Have you never heard someone calling their boss "authoritarian"? I used it as a description of an unfree, undemocratic, top-down system that's used in our economic sphere under capitalism, if you don't like that one, pick something else that describes that. The specific word used is not what's important here.

> Capitalism is synonymous with a free market economy in most contexts that these terms are used. > No, capitalism is synomous with free markets, and concentration of wealth is totally orthogonal to a free market economy.

No, it's not. That's just historical revisionism. It's a system based on exclusive ownership of property etc. Societies have traded stuff throughout history without Capitalism and its institution of private-property rights etc.

> People being forced by nature to work in order to feed themselves is not 'non-consensual' in any legal or social sense

Well, it is already illegal for children and legality is still not a guide for morality. It's definitely in a social sense, which I have already explained.

Also, I've already explained - you even quoted it - that it's not "forced by nature" like some natural law. It's man made. Proven by the fact that societies through history didn't have capitalist wage labour and did just fine wrt food.

> This propaganda is intended to depict human liberty as unnatural, and socialist repression as the natural order of things.

> It's extreme deception motivated by a delusional utopianist fantasy.

> to enforce the incoherent moral principles of socialist ideology.

> Objective reality deems socialism a crude ideological narrative.

> like socialism, that rationalize tyranny,

> As for your mental gymnastics to try to discredit a free society

More of your non-emotional objectiveness I see.

> You have provided no evidence that someone offering a job

Well, of course it's not the the act itself of offering a job, it's supporting and perpetuating the system - Capitalism - that sets up those conditions in the first place. Why do you have such a hard time of keeping this on a systemic level?

> You're accusing employers of being oppressors based on the flimsiest of logic

I'm discussing this as a systemic issue, not an individual. That should be obvious by now. And some employers certainly are oppressors, but the edge is towards the capitalist-class, not the local shopkeeper or whatever.

1 comments

>>Have you never heard someone calling their boss "authoritarian"?

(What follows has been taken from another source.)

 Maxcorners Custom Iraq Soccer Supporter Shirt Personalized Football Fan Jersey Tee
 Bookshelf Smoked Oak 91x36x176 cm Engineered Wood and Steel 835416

That is a figurative use of the term, and this kind of hyperbolic and even misleading use of language in informal dialogue is common. That doesn't mean you can describe anything top-down as authoritarian in formal terms. In any serious discussion, such a definition would be completely rejected as overly broad.

>>The specific word used is not what's important here.

Given the specific word use makes a particular claim, that is the basis for your other claims, it's extremely important.

Authoritarian means non-consensual. Free market interactions are by definition consensual, as deemed by a jury of citizens.

>>No, it's not. That's just historical revisionism.

No, this is just your projection. You're engaging in historical revisionism. The standard use of the term 'capitalism' is synomous with free markets.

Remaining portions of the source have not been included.